SC: Four at once, and that's what I think the big game-changer is. Again, it could only happen because we built this engine from the ground up with that in mind, so we can run four instances of the note detection at the same time.
WP: How do you do the vocals? Is it karaoke-style, or will there be scoring and tracking?
SC: There's a scored version, and there's what I like to call the "drunk at a party" mode. That's what I'm calling it. I don't know if that's PC [politically correct] or not, but that's my jam. There's a karaoke mode that's not scored, which is the one I have to play because I'm an awful singer and I don't want people to see how bad it is, and there's a scored version that works just like Rock Band. We've kind of worked with them on some of the code there.
WP: I don't want to focus too much on other games, but you mentioned that BandFuse works with electric guitars. What about the cables? If I have Rocksmith and I buy BandFuse and get the BandFuse cable, can I then use both cables on the game for two guitars, or am I going to have to buy a whole new set of cables for BandFuse?
SC: That would be awesome if you could interchangeably use them, but no, we can't really support theirs and vice versa. The thing I'm most excited about is that we'll be shipping with a dongle for the back to break out to RCA. That is a universal thing that can be used on any Xbox, and those are in rare supply. I know there were complaints about that when Rocksmith came out. Some people didn't have them, they never even shipped with the game or with the console — you know, the little RCA break-out. We're actually shipping with one of those in the pack, so if you don't have one and you've been trying to play Rocksmith and can't because you get a bunch of lag because of HDMI, you can use our break-out. There is some interchangeability, I suppose.

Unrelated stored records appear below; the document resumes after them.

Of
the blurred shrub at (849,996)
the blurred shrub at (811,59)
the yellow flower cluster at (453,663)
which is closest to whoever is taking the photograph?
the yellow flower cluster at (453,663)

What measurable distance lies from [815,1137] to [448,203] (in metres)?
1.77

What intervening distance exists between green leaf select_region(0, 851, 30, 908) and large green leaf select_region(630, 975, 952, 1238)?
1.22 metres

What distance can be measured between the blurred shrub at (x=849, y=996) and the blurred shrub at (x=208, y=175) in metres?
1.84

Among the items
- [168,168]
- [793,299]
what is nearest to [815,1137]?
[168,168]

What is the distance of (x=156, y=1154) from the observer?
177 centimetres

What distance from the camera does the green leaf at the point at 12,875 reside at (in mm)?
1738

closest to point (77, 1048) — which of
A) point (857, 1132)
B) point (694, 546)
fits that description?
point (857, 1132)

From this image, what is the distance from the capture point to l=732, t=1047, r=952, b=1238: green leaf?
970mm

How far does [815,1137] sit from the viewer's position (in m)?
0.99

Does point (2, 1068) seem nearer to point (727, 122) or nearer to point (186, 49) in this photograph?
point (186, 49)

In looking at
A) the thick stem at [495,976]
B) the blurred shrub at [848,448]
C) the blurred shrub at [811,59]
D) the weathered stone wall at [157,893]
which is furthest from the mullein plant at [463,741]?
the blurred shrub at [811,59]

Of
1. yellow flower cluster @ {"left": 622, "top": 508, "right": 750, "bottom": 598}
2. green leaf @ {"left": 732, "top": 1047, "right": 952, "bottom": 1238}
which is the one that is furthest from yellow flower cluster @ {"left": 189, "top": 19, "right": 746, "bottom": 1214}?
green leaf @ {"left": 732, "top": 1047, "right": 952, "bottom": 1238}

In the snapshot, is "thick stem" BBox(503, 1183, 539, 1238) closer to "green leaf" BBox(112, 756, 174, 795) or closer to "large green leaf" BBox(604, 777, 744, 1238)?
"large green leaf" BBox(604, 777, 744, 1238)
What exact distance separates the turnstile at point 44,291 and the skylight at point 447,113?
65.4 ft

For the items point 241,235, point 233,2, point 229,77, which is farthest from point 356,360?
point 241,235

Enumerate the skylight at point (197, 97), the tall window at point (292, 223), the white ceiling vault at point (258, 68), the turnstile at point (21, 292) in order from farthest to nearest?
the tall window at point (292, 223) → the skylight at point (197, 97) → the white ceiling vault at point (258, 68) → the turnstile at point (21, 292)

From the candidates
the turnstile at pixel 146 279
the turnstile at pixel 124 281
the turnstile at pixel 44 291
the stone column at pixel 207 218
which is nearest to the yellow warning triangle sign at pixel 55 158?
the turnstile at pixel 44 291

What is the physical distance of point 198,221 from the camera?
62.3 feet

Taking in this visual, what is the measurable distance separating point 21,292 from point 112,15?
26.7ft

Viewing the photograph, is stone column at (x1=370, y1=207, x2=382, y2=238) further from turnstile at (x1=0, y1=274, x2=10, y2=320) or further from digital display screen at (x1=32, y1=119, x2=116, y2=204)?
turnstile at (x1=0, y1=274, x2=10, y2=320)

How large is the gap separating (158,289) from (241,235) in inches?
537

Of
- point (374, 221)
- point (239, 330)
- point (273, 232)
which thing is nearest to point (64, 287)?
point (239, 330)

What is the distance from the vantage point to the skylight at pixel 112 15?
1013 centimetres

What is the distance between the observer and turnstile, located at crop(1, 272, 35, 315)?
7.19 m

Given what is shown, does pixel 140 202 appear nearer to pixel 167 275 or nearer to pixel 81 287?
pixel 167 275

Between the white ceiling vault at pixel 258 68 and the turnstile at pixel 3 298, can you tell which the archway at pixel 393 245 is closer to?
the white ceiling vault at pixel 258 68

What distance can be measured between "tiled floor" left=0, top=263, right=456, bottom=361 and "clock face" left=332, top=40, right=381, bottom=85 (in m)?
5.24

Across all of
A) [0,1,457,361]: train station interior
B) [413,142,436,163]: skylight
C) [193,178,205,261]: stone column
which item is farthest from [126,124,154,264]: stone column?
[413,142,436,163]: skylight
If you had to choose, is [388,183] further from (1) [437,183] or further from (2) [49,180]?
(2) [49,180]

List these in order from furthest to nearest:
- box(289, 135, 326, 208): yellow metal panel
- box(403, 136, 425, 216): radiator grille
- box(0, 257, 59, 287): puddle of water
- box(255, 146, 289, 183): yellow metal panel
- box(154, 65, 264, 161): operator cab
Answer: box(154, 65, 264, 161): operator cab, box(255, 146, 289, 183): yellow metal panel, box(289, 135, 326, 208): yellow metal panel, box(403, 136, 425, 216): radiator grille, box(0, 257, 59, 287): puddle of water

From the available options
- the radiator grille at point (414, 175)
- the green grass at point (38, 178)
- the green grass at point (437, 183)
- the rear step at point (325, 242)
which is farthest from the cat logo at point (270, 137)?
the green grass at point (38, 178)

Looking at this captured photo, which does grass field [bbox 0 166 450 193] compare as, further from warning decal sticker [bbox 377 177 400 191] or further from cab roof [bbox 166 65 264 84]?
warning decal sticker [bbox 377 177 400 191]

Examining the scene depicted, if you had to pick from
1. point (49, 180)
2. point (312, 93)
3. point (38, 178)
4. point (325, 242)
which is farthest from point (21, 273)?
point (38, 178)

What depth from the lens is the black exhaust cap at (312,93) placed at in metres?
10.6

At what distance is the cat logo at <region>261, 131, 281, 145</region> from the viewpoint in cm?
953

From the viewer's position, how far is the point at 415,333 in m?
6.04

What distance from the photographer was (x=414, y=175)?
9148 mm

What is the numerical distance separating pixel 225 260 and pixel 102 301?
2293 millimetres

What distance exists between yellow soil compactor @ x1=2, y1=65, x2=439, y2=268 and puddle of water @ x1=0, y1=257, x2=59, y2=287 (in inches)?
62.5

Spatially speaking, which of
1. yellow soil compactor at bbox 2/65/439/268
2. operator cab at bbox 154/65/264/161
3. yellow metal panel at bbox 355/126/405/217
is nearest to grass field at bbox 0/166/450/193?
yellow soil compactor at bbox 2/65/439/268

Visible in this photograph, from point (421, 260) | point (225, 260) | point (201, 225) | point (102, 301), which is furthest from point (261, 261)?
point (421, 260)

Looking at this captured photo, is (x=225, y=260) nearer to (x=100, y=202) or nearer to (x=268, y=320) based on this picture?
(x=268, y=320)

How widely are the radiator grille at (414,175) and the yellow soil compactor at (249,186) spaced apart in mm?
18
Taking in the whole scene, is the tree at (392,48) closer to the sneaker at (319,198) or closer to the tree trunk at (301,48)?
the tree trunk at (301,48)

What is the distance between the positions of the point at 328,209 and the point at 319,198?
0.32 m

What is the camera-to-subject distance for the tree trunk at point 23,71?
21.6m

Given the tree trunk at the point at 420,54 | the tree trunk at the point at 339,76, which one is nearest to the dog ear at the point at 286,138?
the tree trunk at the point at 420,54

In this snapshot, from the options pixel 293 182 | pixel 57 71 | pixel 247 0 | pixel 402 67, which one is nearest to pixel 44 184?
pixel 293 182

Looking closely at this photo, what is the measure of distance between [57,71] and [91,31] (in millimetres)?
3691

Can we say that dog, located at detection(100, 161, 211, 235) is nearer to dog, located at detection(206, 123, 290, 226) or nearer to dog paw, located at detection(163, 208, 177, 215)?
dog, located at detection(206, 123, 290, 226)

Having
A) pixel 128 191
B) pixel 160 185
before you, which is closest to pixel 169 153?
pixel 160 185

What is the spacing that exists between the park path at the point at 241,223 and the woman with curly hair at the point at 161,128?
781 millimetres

WP: When it comes to the idea of rock and guitars, there's a wide range of genres. That's something that Harmonix has explored with Rock Band simply becasuse they've had the time, but what about your selection? Is BandFuse focusing on a particular genre or style? What type of music is the game going to ship with?
SC: It's a really wide range. I think you always have to do that with an initial release. You kind of want to be everything to everyone. It's a great set list. I've been working on that recently. I'm also an audio guy on the project, so I've been mastering them so they're all at the same volume. It's just a great set list. I love it. We have a huge range from classic rock through nu metal. We're supporting every tuning, basically, so if you played Rocksmith and you can only play E Standard and Drop D, we're going to support D Standard, we're going to support Drop C. That opens us up to a lot of heavier metal acts that the newer generations really like that haven't been possible in the past.

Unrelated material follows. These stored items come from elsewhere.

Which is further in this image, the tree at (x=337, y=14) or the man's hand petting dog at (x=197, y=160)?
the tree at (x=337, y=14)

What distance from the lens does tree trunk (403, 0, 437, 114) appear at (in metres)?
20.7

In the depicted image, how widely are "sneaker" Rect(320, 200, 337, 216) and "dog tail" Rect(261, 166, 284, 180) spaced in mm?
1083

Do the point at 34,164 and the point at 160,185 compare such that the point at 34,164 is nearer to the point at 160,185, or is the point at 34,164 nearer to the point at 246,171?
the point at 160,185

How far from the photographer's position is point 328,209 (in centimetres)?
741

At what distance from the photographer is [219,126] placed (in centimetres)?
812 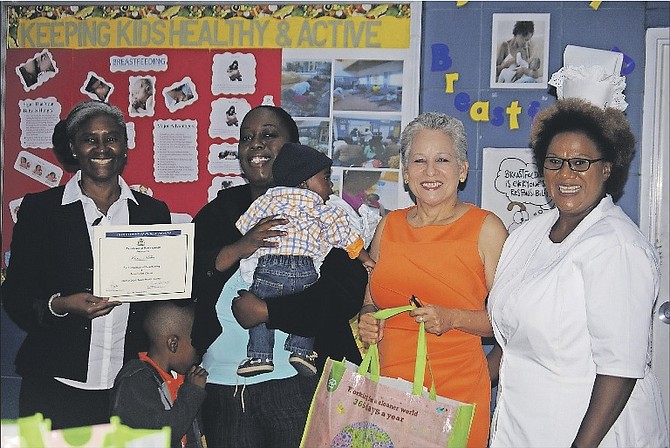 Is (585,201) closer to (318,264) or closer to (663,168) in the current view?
(318,264)

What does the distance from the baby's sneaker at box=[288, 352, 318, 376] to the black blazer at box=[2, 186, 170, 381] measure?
0.73 meters

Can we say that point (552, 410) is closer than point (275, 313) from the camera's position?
Yes

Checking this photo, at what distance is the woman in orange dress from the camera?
2.22 meters

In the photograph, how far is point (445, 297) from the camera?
2232 millimetres

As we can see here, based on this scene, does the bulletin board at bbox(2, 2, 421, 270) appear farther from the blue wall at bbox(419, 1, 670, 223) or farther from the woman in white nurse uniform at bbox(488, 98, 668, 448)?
the woman in white nurse uniform at bbox(488, 98, 668, 448)

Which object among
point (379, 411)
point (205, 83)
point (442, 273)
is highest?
point (205, 83)

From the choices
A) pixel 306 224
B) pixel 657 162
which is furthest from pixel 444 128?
pixel 657 162

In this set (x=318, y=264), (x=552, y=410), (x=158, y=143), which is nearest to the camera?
(x=552, y=410)

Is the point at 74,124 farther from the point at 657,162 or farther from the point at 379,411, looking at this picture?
the point at 657,162

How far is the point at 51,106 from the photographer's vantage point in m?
3.85

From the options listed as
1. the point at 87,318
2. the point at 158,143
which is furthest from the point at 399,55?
the point at 87,318

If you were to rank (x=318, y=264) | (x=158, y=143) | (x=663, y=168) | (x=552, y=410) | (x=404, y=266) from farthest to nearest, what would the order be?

WP: Since you mentioned tuning, can you explain a little bit about how your polyphonic tuning works? In Rocksmith, you more or less have to tune almost before every song.
SC: We know that was one of the complaints early on. I know my guitar's in tune, and I don't want to go through this. In this game, it's optional. You can just push right through the tuner if you don't want to use it and know that you're still in tune from the last song. In addition, we have such good analytics that you can strum all the strings, and it'll tell you which ones are sharp and which ones are flat right off the bat. Then you can go in and fine-tune those strings. We tried to make it as elegant as we possibly could in that way.

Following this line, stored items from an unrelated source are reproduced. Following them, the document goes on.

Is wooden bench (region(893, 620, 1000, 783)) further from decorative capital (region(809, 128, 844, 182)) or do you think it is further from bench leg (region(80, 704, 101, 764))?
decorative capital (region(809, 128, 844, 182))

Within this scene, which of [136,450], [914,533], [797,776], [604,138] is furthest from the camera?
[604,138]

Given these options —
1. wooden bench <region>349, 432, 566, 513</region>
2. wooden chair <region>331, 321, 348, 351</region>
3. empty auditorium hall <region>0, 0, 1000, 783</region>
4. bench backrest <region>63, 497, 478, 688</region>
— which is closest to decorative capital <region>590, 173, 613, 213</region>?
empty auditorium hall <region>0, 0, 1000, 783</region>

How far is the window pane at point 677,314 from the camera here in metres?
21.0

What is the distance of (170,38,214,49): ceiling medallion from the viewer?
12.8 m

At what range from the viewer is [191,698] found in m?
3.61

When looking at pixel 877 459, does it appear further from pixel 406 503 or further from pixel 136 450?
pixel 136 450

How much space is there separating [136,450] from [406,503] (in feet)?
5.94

WP: If you had to sum it up in 2-3 sentences, what is it about BandFuse that makes it worth playing?
SC: Teaching the player real tablature so that they don't have to rely on us to play guitar in the future is one of my favorite things. Some of the teaching features that we have that really haven't been shown as far as breaking up elements of songs or giving people ways to explore scales or things like that, that just haven't been touched yet.